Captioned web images

<<<<

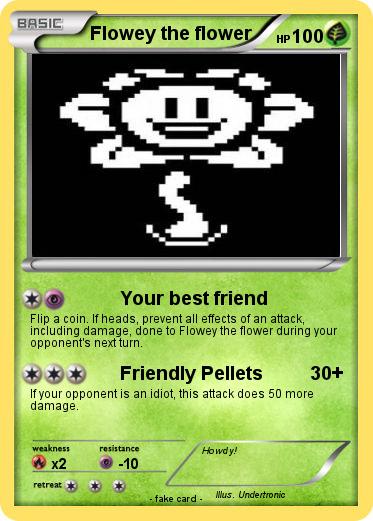 Pokemon Flowey the flower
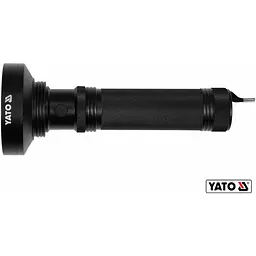 Ліхтар ультрафіолетовий з окулярами для перевірки банкнот YATO 100LED 6xAA 395 нм (YT-08582) - мініатюра 3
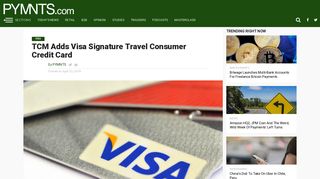 TCM Adds Visa Signature Travel Credit Card | PYMNTS.com
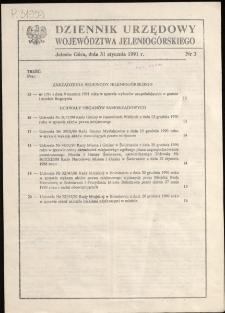 Dziennik Urzędowy Województwa Jeleniogórskiego, 1991, nr 3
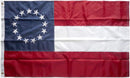 1st National Flag 13 Stars 300D Nylon Embroidered Flag 3x5ft Stars & Bars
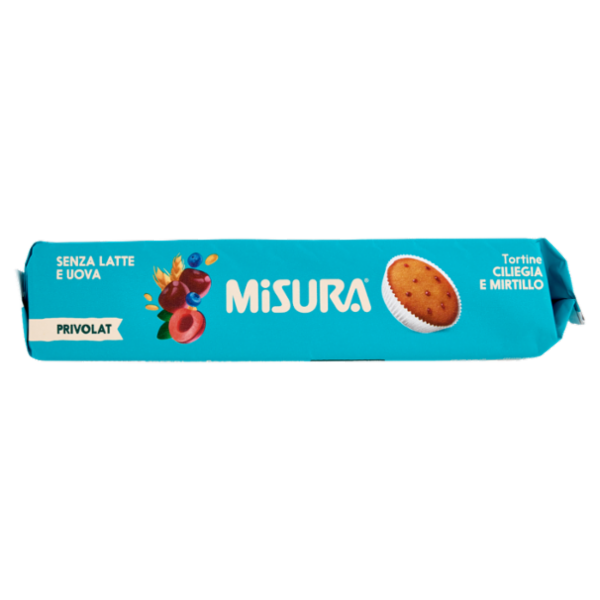 Misura Privolat 6 Tortine Ciliegia e Mirtillo 290 g
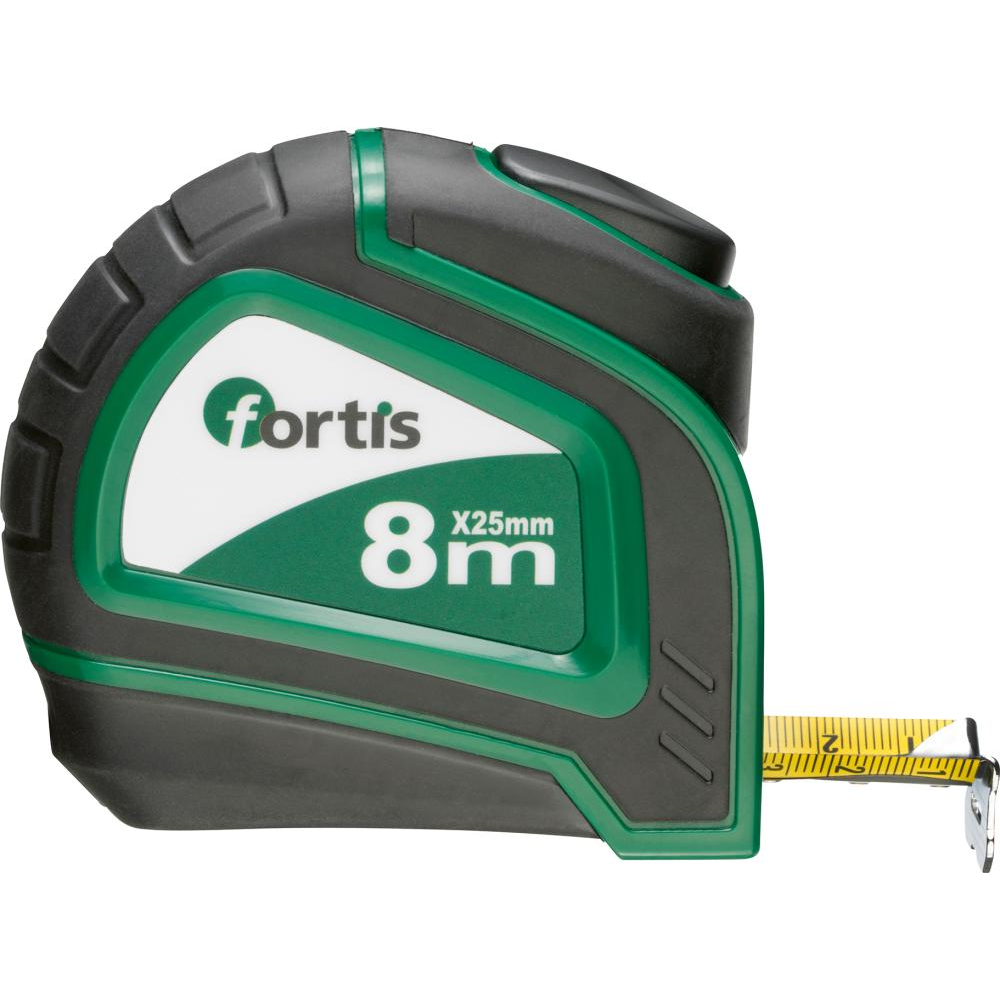 Taschenbandmaß mit Bandstopp 8mx25 mm FORTIS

>>>>

## Work instruction
Find the line containing "Dziennik Urzędowy Województwa", then extract it and every line after it to the end of the data above, exactly and nothing else, without pictures.

## Output of the task
 Dziennik Urzędowy Województwa Jeleniogórskiego, 1991, nr 3
 1st National Flag 13 Stars 300D Nylon Embroidered Flag 3x5ft Stars & Bars
 Misura Privolat 6 Tortine Ciliegia e Mirtillo 290 g
 Taschenbandmaß mit Bandstopp 8mx25 mm FORTIS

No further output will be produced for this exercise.